Technique 3: Batching & Efficient Output (Parquet)

Writing millions of individual items to disk or cloud storage is inefficient. We solved this by batching items in memory and writing them as bulk operations. Additionally, we converted these batches into Apache Parquet format for efficient storage and analytics. Parquet’s columnar structure enhances compression and enables faster queries, improving analytical efficiency significantly.

We utilized Apache Arrow libraries, robustly supported in Rust, to efficiently convert Rust structs into Parquet.

Technique 4: Asynchronous I/O for Output

Even batched Parquet outputs involve slow I/O operations, potentially blocking processing tasks. To avoid this bottleneck, we leveraged Tokio's asynchronous I/O capabilities. Our tasks asynchronously initiate writes or uploads, immediately returning to process the next batch, while Tokio handles the actual data transfer in the background.

Dedicated Tokio tasks manage uploads, using asynchronous storage clients like cloud-storage, keeping the pipeline non-blocking and efficient.

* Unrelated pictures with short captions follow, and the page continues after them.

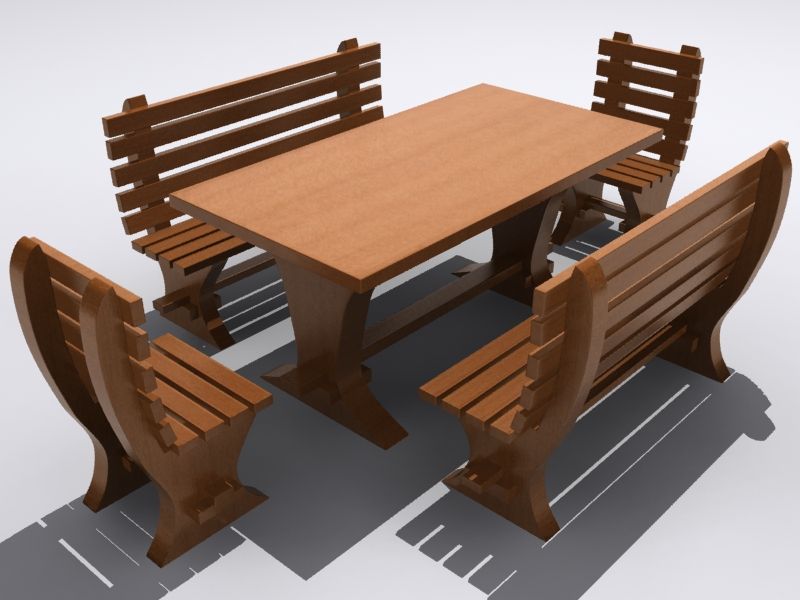 Rustikales Holz Set 3d model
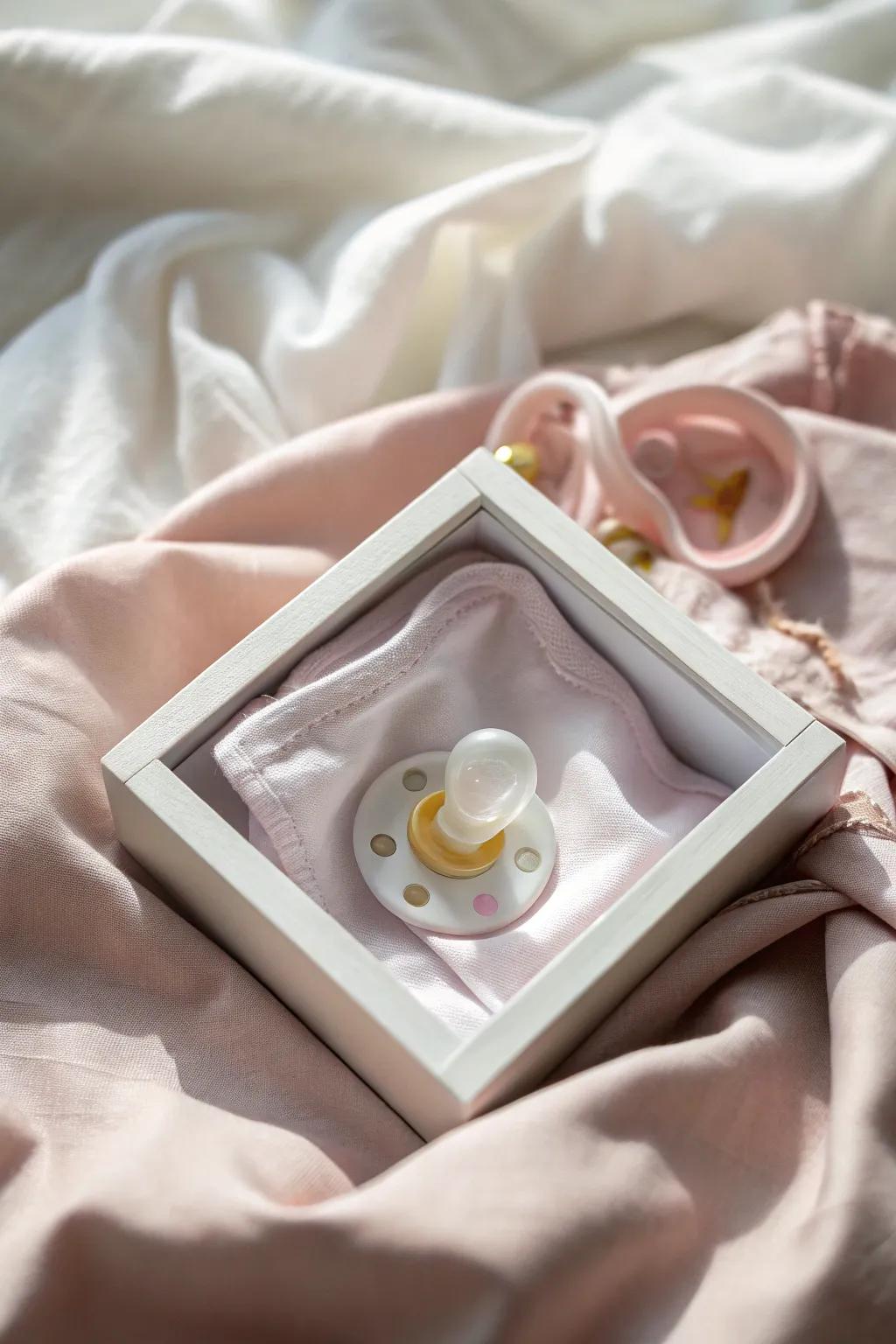 A comforting pacifier nestled among cherished memories.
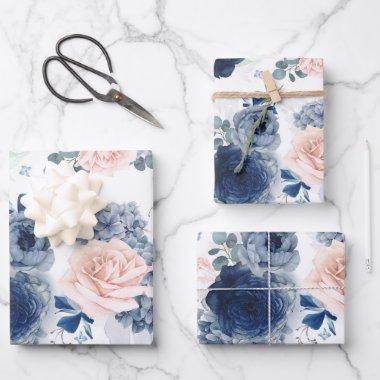 Dusty Blue and Pink Flowers Elegant Botanical Wrapping Paper Sheets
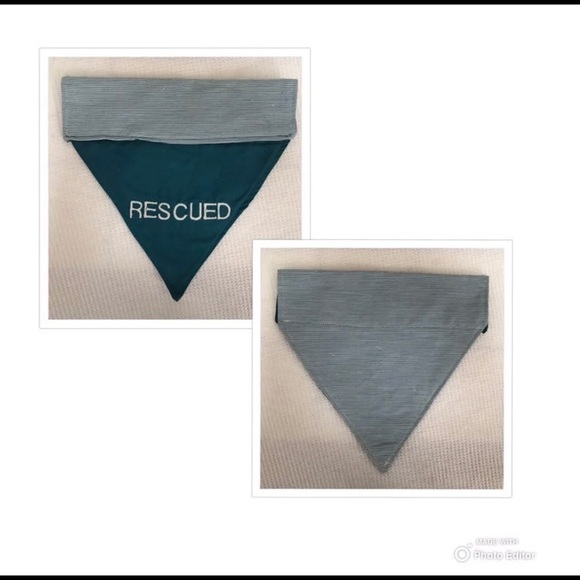 HANDMADE DOG BANDANA EMBROIDERED RESCUED PERSONALIZED AVAILABLE SLIP ON NO TIES - Picture 4 of 7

Putting It All Together: The Pipeline.

At a high level, our pipeline is designed as a sequence of streamlined, interconnected components, emphasizing efficiency, concurrency, and low memory usage. The architecture flows naturally from data ingestion to asynchronous output, ensuring continuous processing without bottlenecks:

  1. Input & Decompression: Stream JSON data directly, optionally decompressing on-the-fly.
  2. Incremental Parsing & Streaming: Employ incremental parsing methods to break down large JSON data into manageable streams.
  3. Dispatch & Concurrency: Immediately dispatch parsed data through channels, enabling concurrent, asynchronous task execution.
  4. Batch Processing & Transformation: Group items into memory-efficient batches, transforming them for optimized storage.
  5. Efficient Storage (Parquet): Convert batches into Parquet format using columnar storage for improved analytics and compression.
  6. Asynchronous Output: Independently and asynchronously handle batch uploads, eliminating I/O bottlenecks.

This streamlined, modular architecture ensures maximum throughput while minimizing memory usage, demonstrating an effective and scalable approach to handling enormous JSON datasets.

Results & Conclusion.

By thoughtfully integrating Rust’s powerful ecosystem like Serde’s incremental deserialization, Tokio’s asynchronous processing capabilities, and Apache Parquet for efficient storage we successfully handled massive JSON datasets without exceeding a gigabyte of memory.

Processing huge data files in complex formats like gigantic JSON requires clever engineering and adherence to best practices for writing efficient and performant code. The initial investment in understanding and implementing these practices pays off significantly, resulting in a robust and scalable pipeline capable of effectively handling vast amounts of data.